◆ **TO DO**: Find the line holding "Шелковый шарф Hermès Twilly из коллекц" in the entries below. Give it again exactly, along with every line after it up to and including the line holding "Czarne skórzane botki.".

◆ **INFORMATION**:
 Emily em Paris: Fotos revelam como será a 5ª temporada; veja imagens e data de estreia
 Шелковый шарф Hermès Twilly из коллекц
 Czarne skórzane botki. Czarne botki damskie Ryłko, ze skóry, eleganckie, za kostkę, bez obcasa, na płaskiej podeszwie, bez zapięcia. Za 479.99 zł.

* * *

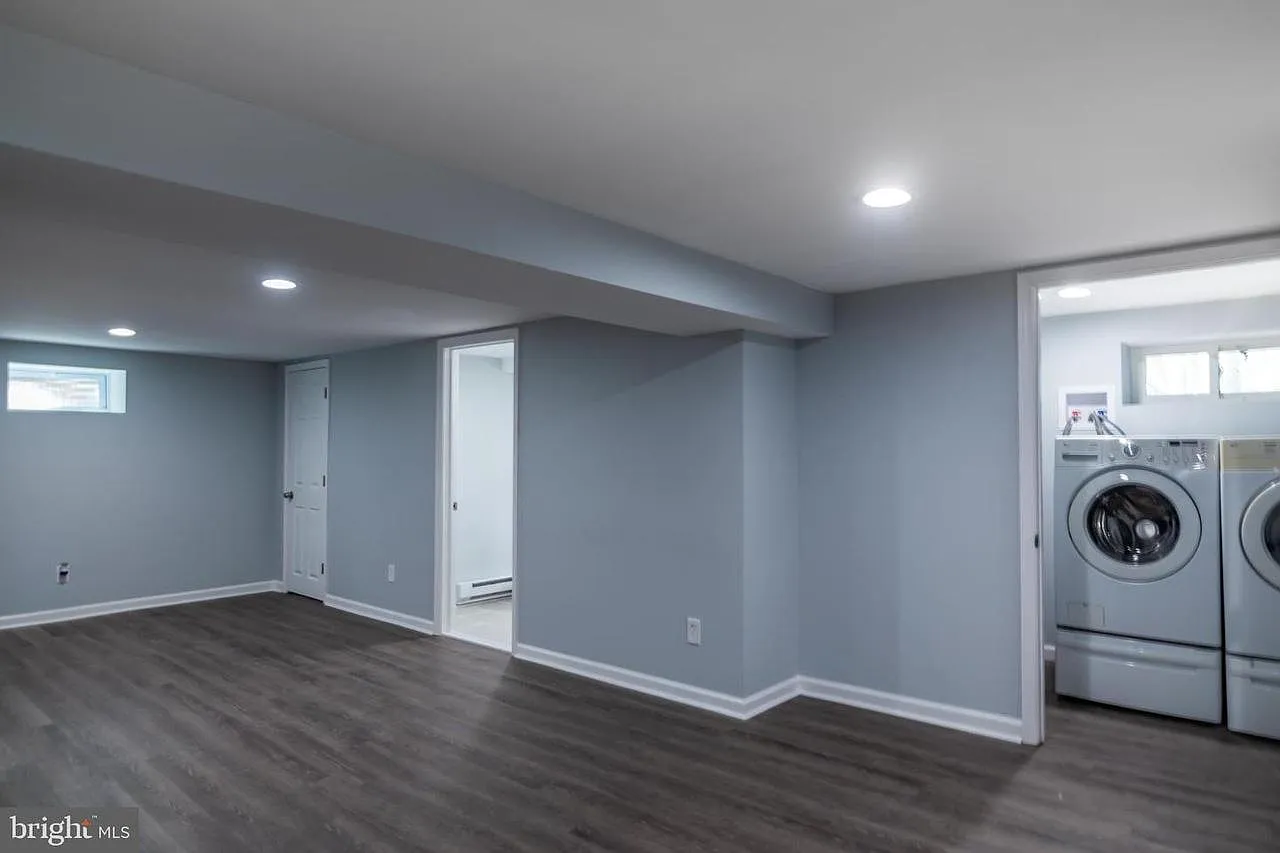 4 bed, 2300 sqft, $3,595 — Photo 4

◆ **YOUR SOLUTION**:
 Шелковый шарф Hermès Twilly из коллекц
 Czarne skórzane botki. Czarne botki damskie Ryłko, ze skóry, eleganckie, za kostkę, bez obcasa, na płaskiej podeszwie, bez zapięcia. Za 479.99 zł.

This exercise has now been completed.